Odierno stressed that the solution against ISIS is not "solely military," and would include political and economic solutions, as well as an information campaign to defeat ISIS. 

He also said he disagrees with 2016 presidential candidate Donald Trump "right now" on moving into Iraq and bombing oil fields to prevent ISIS from receiving revenue from oil. 

"There's limits with military power," he said. "It's about sustainable outcomes. And the problem we've had, is we've had outcomes, but they have been only short-term outcomes. Because we haven't properly looked at the political and economic side of this."

Odierno also said it is frustrating to have U.S. troops leave Iraq in 2011 at a place that was "headed in the right direction."  

However, he said, due to an agreement made in 2008, Iraqis were scheduled to take full control of the nation in 2011. They were not prepared politically to take on that mission, which allowed ISIS to move in, he said. 

He declined to blame the Obama administration for pulling out U.S. troops too early, after failing to negotiate a status of forces agreement that would have allowed U.S. forces to stay in Iraq but give them immunity against Iraqi law. 

"I remind everybody that us leaving at the end of 2011 was negotiated in 2008 by the Bush administration. And that was always the plan. We had promised that we would respect their sovereignty, and so I think based on that, that was always our plan," he said. 

However, he acknowledged that having U.S. troops in Iraq allowed them to be the honest broker between rival groups. 

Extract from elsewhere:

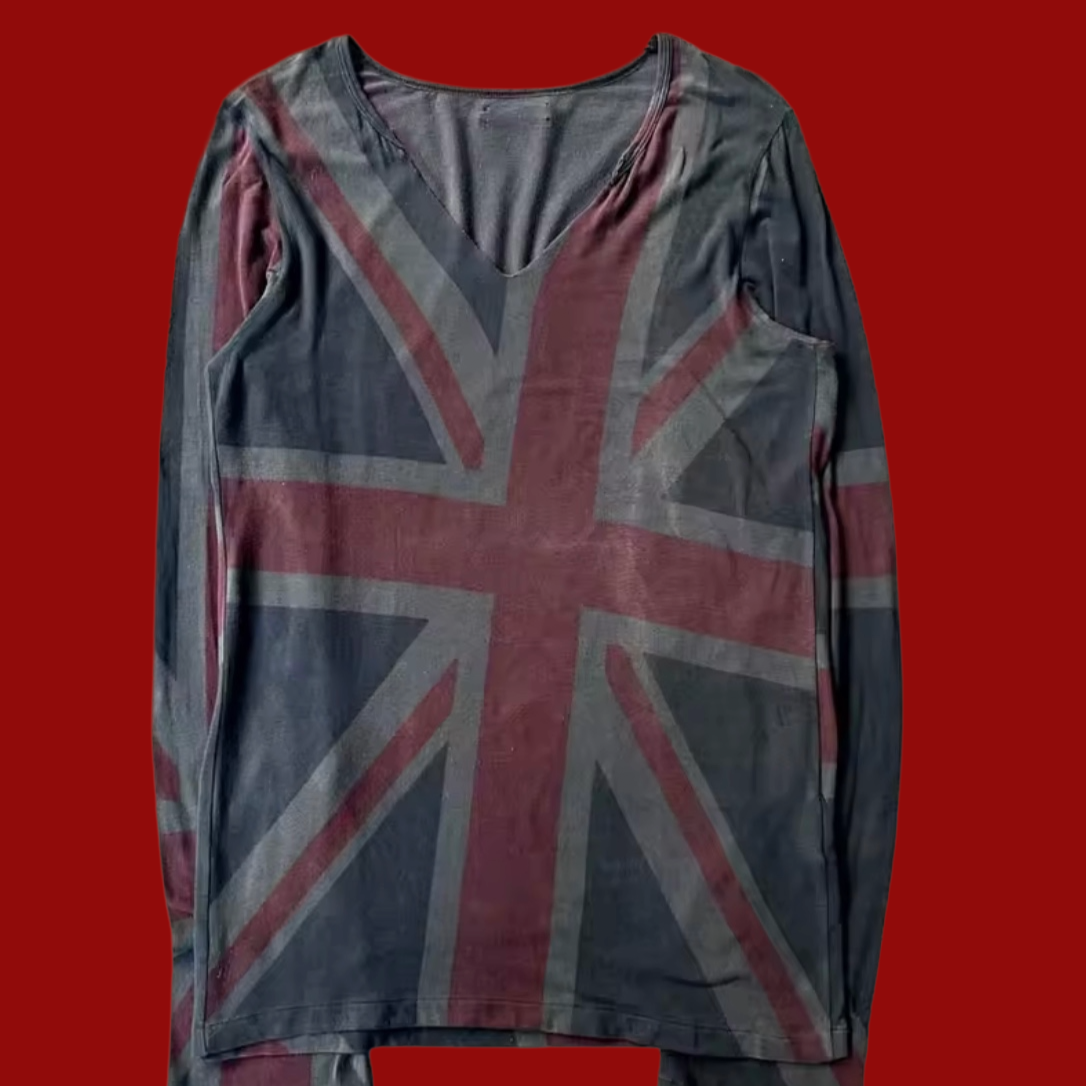Union Jack Long Sleeve Distressed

"I think, maybe, as we all look back, leaving some soldiers on the ground might have helped a little bit, and maybe prevented where we are now," he said.  

Odierno said he was not in the country when the U.S. was trying to negotiate a longer stay for U.S. troops, after 2011, and could not vouch for whether U.S. officials tried to convince Iraqi forces to approve such an agreement.  

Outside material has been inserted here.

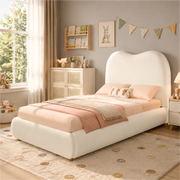 Letto contenitore per bambini 90x200 cm con sollevamento idraulico; ampia capacità; testiera imbottita; velluto beige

"Frankly, I wasn't there during that time," he said. "I can't tell you if it was a robust effort. I don't want to comment, because I simply wasn't there at the time." 

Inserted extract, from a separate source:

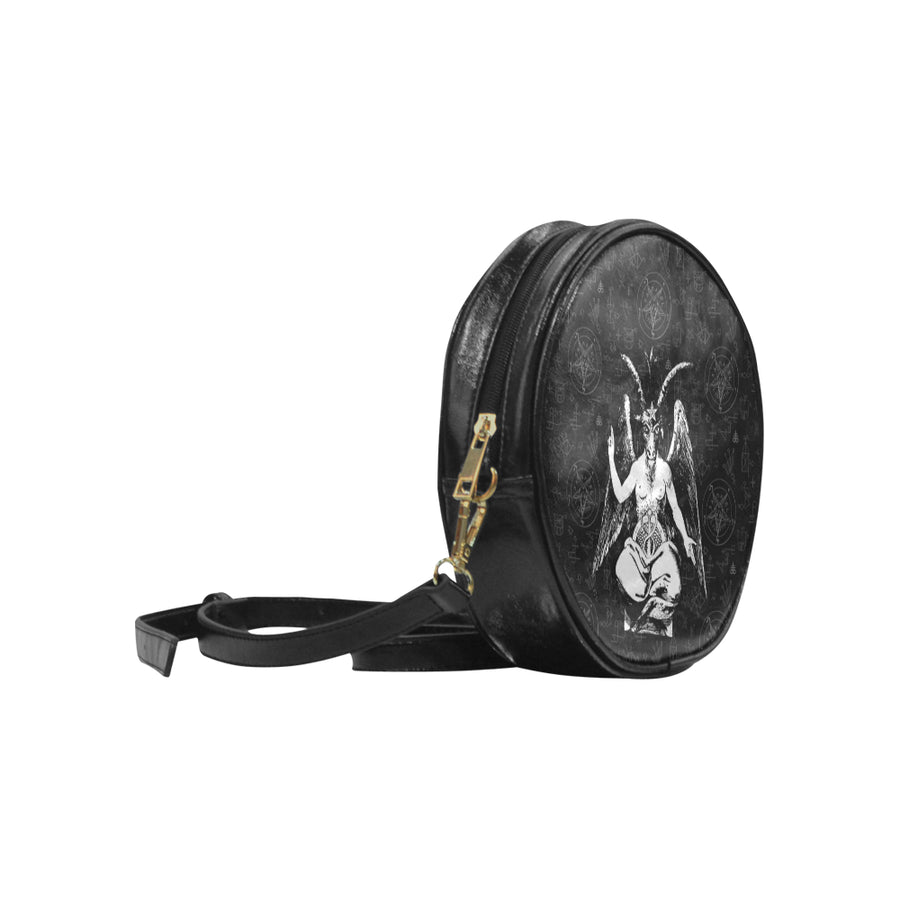 The BAPHOMET SIGIL Round Messenger Bag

Now, he said, the chances of reconciliation between rival Shiite and Sunni groups is "becoming more difficult by the day."  

He said partitioning of Iraq "might be the only solution, but I'm not ready to say that yet." 

Odierno also said there were lessons from Iraq for leaving troops longer in Afghanistan. 

"You know, we are still in Europe 70 years later, we're still in Japan 70 years later. Now, we are much smaller and it's a much different relationship. But that is how you help to establish long-standing institutions," he said. 

"Having a [presence] there helps to establish an institution that is capable of being more sustainable and more — lasting for a much longer time," he said.